1. "Home state" is defined by the Uniform Child Custody Jurisdiction Act ("UCCJA"), enacted as chapter 152 of the Texas Family Code, as "the state in which the child, preceding the time involved, lived with the child's parents, a parent, or a person acting as parent for at least six consecutive months and, in the case of a child less than six months old, the state in which the child lived from birth with any of the persons mentioned. Periods of temporary absence of any of the named persons are counted as part of the six-month or other period." Tex. Fam. Code Ann. § 152.002(6) (Vernon 1996).
2. We are aware of the decision in Oliver v. Boutwell, where the Dallas Court of Civil Appeals held that a father's request for increased visitation rights, not even on par with the changes requested in the present case, was so extensive as to constitute a motion to modify conservatorship. See 601 S.W.2d 393, 394-95 (Tex. Civ. App.-Dallas 1980, no writ); see also Ramsey v. Ramsey, 707 S.W.2d 724, 725-26 (Tex. App.-Beaumont 1986, no writ) (holding "far reaching" modifications in possession constituted a de facto change in the managing conservatorship and reversing the trial court because of the father's failure to show a material change of circumstances to justify the modifications). We note the Oliver holding is distinguishable, however, because the parents were not joint managing conservators, as in the instant case. Furthermore, we decline to make a qualitative judgment, as to what is or is not a request extensive enough to modify "conservatorship," when the statutes of the Family Code provide apparent distinctions. Compare Tex. Fam. Code Ann. § 156.202 (Vernon 1996) ( statute providing for "Modification of Terms and Conditions of Joint Managing Conservatorship") (emphasis added), with Tex. Fam. Code Ann. § 156.301 (Vernon 1996) (statute providing "Grounds for Modification of Possession and Access") (emphasis added).
3. The statutory scheme of the PKPA sets out an interesting blueprint for cases such as the present one.
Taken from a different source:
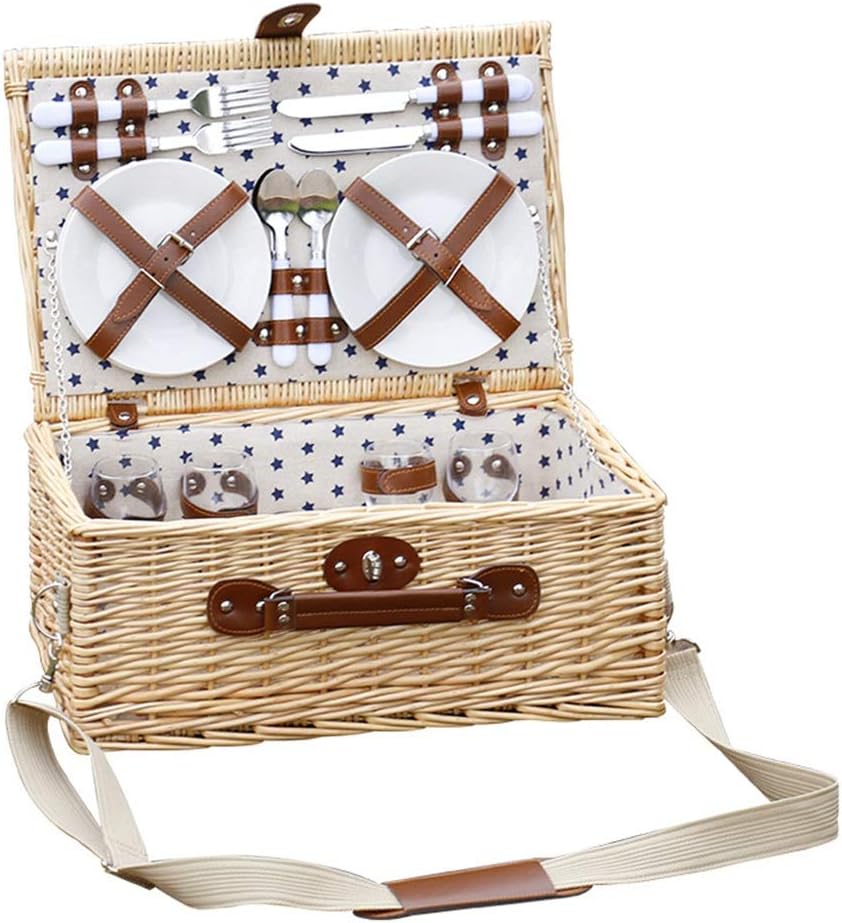 Picnic Basket Picnic Basket For 4 Person Picnic Set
To implicate the act, two states must have concurrent jurisdiction over a "custody determination," defined by the act as "a judgment, decree, or other order of a court providing for the custody or visitation of a child, and includes permanent and temporary orders, and initial orders and modifications." See 28 U.S.C. § 1738A(b)(3); Welborn-Hosler v. Hosler, 870 S.W.2d 326-27. To have jurisdiction under the act, however, a state must have jurisdiction "under the law of such State." See 28 U.S.C. § 1738A(c)-(d). The statute thus sets out a scheme, at least when applied to situations such as in the present case, where a state has jurisdiction because it has jurisdiction. Admittedly, subsection (c)(2) of the act provides a list of additional conditions, one of which must be met, for jurisdiction to exist for an original child custody determination. Thus, in those situations, the statute appears to have set up different categories of jurisdiction--a preliminary category of jurisdiction to trigger the act, and then a category of jurisdiction under the act. Subsection (d), the provision of the act dealing with continuing jurisdiction after an original child custody determination, only requires, however, that the trial court (1) have jurisdiction under the law of the state where it sits, and (2) the state remains the residence of the child or of any contestant. In these situations, presuming at least one of the parties remains a resident of the state where the prior custody determination was made and where the proceeding is now proffered, the trial court will have jurisdiction under the PKPA if it had jurisdiction under state law in the preliminary analysis.
4 The Honorable Joe L. Draughn sitting by assignment.